On a remarqué que César régla à cette bataille la disposition de son armée sur le modele de la disposition que Cyrus avoit faite à la bataille de Thimbrée ; & c’est à cette disposition qu’il dut sa victoire complette.

Presque tous nos auteurs ne font que louer la modération & la clémence que César fit paroître après sa victoire. Quoiqu’il fut élevé par Marius son oncle, nous disent-ils, il sacrifia ses ressentimens à l’établissement de sa domination, & pardonna à tous les partisans de Pompée. Mais Dion n’en parle point sur ce ton-là. Voici ses propres paroles, l. XLIX : Equites & senatores qui Pompeio favissent supplicio dæfecti, paucis exceptis. Legionarios milites ingenuos Cæsar in suas legiones adscripsit ; servos dominis reddidit, ut pœnas darent ; qui non inveniebant dominos suos, in crucem acti. « Tous les sénateurs & les chevaliers qui lui avoient été attachés, furent punis de mort, à l’exception d’un très-petit nombre. Ses légions furent incorporées dans celles d’Octavien : on donna les esclaves à leurs maîtres pour les punir ; & ceux qui ne trouvoient point de maîtres moururent en croix ».

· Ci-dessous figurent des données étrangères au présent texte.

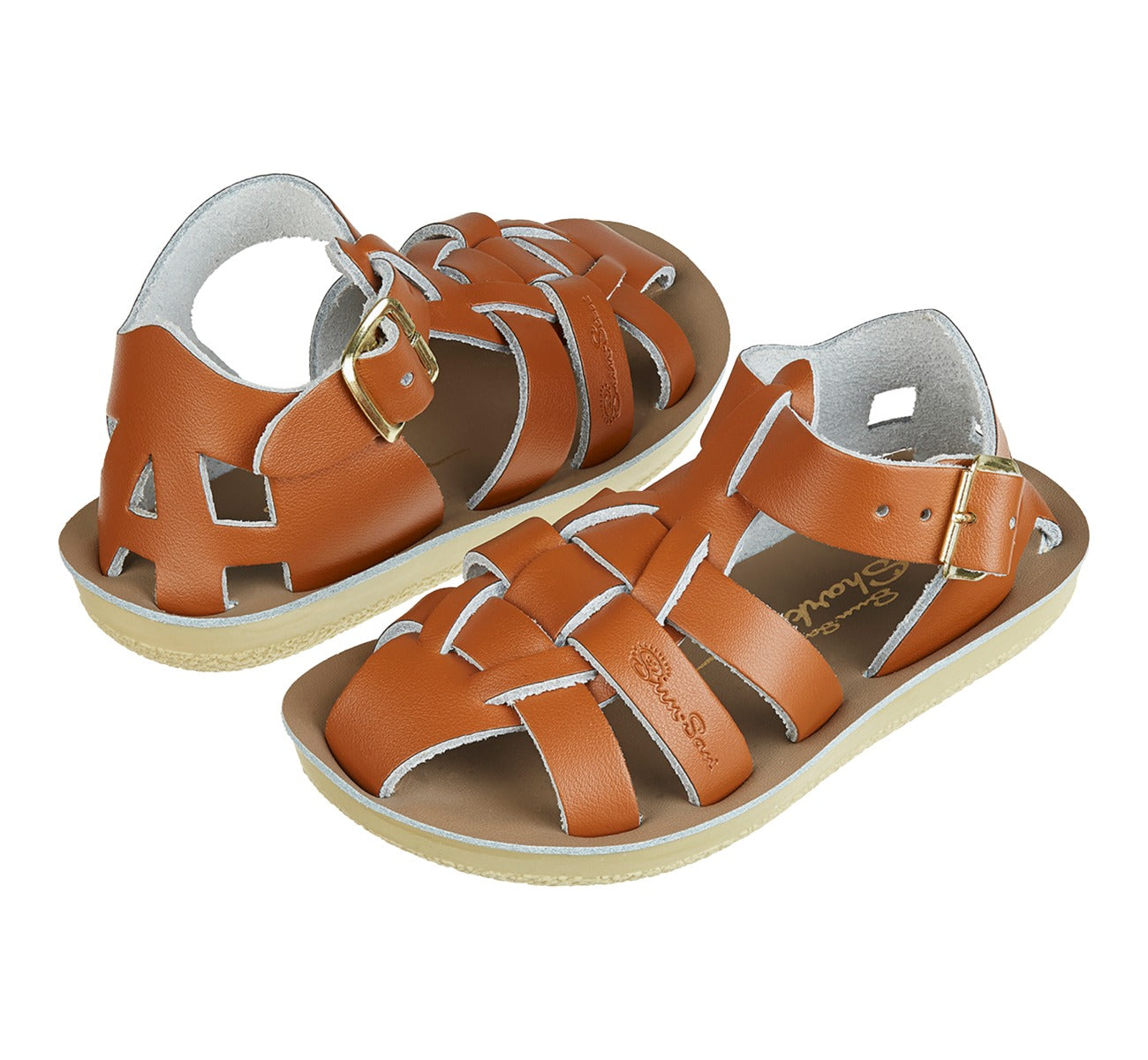 Shark Fisherman Tan Kids Sandal - Salt-Water Sandals UK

Ainsi la liberté de Rome, si précieuse aux premiers Romains, & qui avoit été si long-tems sous la garde de la pauvreté, de la tempérance, & de l’amour de la patrie, fut ensevelie par César dans les champs de Pharsale. Tout plia depuis sous sa puissance ; & deux ans après le passage du Rubicon, on le vit entrer dans Rome triomphant, & bientôt justement assassiné au milieu d’une république dont il étoit devenu le tyran. (D. J.)